Manchester City has won the last three League Cup titles, and it returns to the final reinvigorated and at the expense of its chief rival.

Once again, Manchester City will play in the League Cup final. And once again, when the stakes were highest, Manchester United didn’t quite have the quality to get the result it needed. 

Man City won their semifinal, 2-0, at Old Trafford on Wednesday and will face Tottenham in the final on April 25 looking for a fourth consecutive League Cup title. But perhaps of longer-term significance is another demonstration of City’s rapidly improving form, and a reminder that United is still a level below the very best. 

City has been scratchy for much of this season, struggling for fluency and rhythm. When it drew at home to West Bromwich Albion on Dec. 15, it seemed legitimate to ask whether this was the worst side Pep Guardiola had ever managed. Five wins in a row since then have restored a sense of perspective, though. This may not be quite the team it was two or three years ago, but City remains an excellent side, too good for United. 

Ole Gunnar Solksjaer’s past record against Guardiola was good, with three wins in six games and two of them in the league last season. In both of those games, United sat deep, allowed City to take the attacking initiative and then struck on the break, exploiting City’s vulnerability to balls played in behind its defensive line. In the league this season, a determination to avoid being countered against led to Guardiola playing unusually conservatively, resulting in a largely uneventful 0-0 draw. 

This was a very different, far better game. City had been slowly bubbling into form before coming to the boil in Sunday’s 3-1 win over Chelsea. Wednesday, again, its passing was slick and crisp, and it attacked with verve and imagination. Kevin De Bruyne hit the post with a remarkable 13th-minute effort, and City, as it had on Sunday, looked like a side rediscovering form and confidence. But United resisted stoutly, defending well and offering a significant threat of its own. U.S. national team goalkeeper Zack Steffen made one outstanding save to deny Bruno Fernandes, reaching up with his right arm as he dived to his left to claw away a long-range effort, while Harry Maguire was a persistent menace from set plays. 

The opening goal when it came, though, resulted from a City set play. As when Guardiola’s side beat Mourinho’s United, 2-1, with two goals from set pieces in 2017, there was an odd sense of disbelief, as though a goal so ordinary had no place in a game of such quality. It was John Stones who got it this time, bundling a left-wing free kick from Phil Foden over the line with his thigh. 

Stones’s career at City had seemed to be over just six weeks ago. Guardiola seemed to have lost faith in him, while the signings of Ruben Dias and Nathan Ake edged him down the pecking order. But he came into the side in the 5-0 win over Burnley at the end of November and has been almost faultless since. Callum Hudson-Odoi’s late strike on Sunday was the first goal City had conceded in Stones’s last nine starts. 

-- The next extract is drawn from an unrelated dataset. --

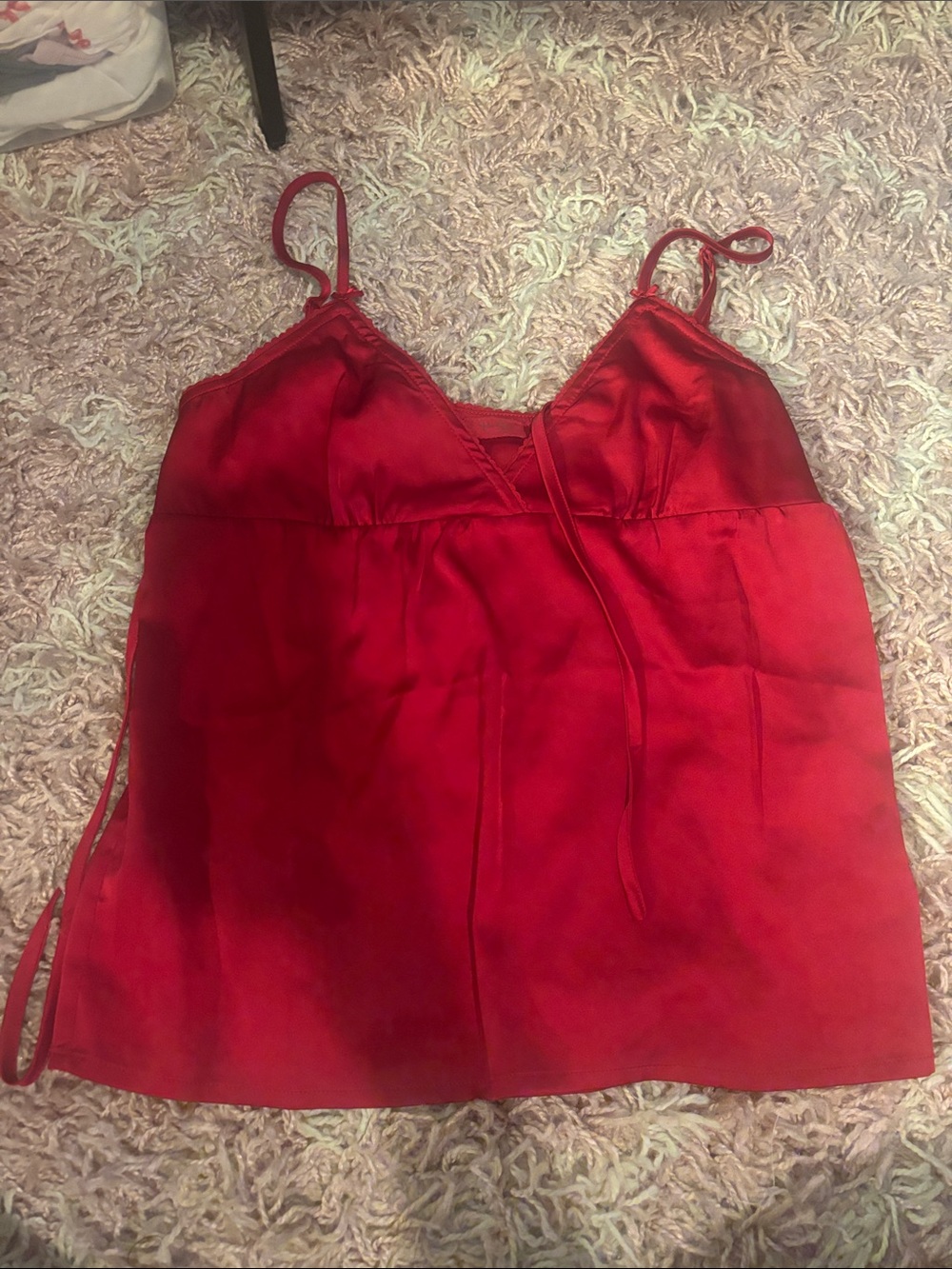 John Galt Red Satin Tank Top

The goal, scored five minutes after halftime, brought 10 minutes of fluent attacking. City, suddenly, was brilliant again. This was what it was like at its best, when it seemed unstoppable, sweeping forward in great waves and slicing through United’s midfield. Joao Cancelo flashed a shot just over. Dean Henderson made a fine save from a Raheem Sterling header, and then an even better one to tip away a curling Riyad Mahrez effort. 

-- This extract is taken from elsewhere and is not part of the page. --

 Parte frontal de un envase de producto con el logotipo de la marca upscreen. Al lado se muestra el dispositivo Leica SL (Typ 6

But United had enough about it to survive. What was apparent, though, as it chased an equalizer, was just how reliant it still is on Bruno Fernandes. With Fernandinho excelling at the back of midfield, the Portugal international struggled to find space and didn’t exert the sort of influence he so often does. 

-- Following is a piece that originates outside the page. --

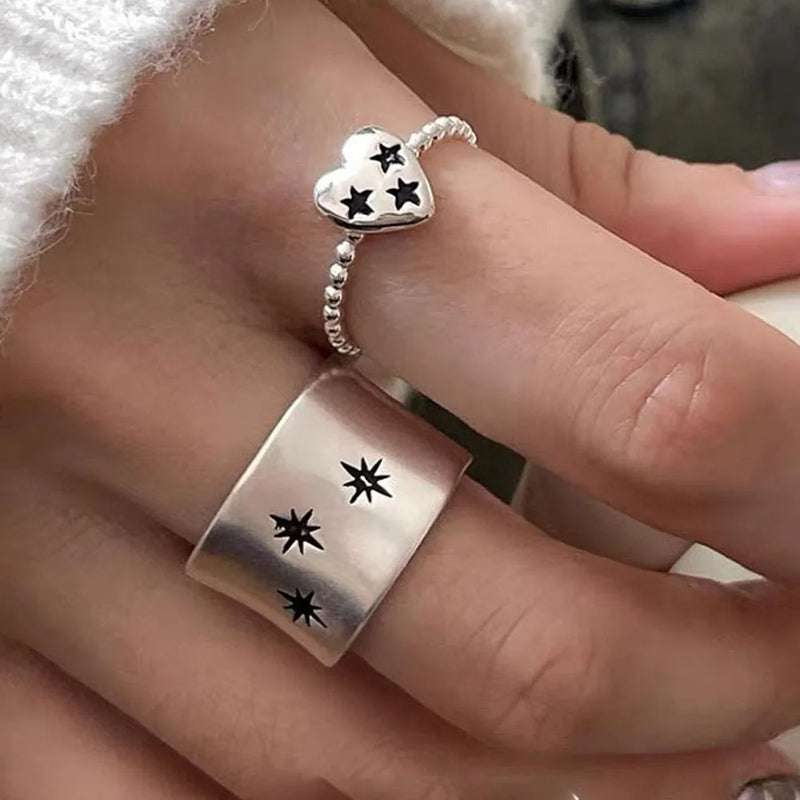 BF CLUB 925 Sterling Rings for Women Fashion Geometric Handmade Irregular Gold StarRing Simple Fine Jelwery Party Christmas Gift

By the end, United was reduced to slightly pathetic appeals for penalties, none worse than Anthony Martial’s after a very obvious dive. The volume of penalties United has been awarded over the past couple of years has become a talking point in the last few days; this would have done little to quell suggestions it goes looking for them. 

Only with eight minutes remaining was the game settled, with Fernandinho volleying in a half-cleared corner, but the truth is that City was much the better side, particularly after halftime. This is a strange season that means any conclusions must come with a caveat, but City looks defensively sound and is playing with great attacking verve. For Guardiola, a campaign that began with doubt could end in triumph.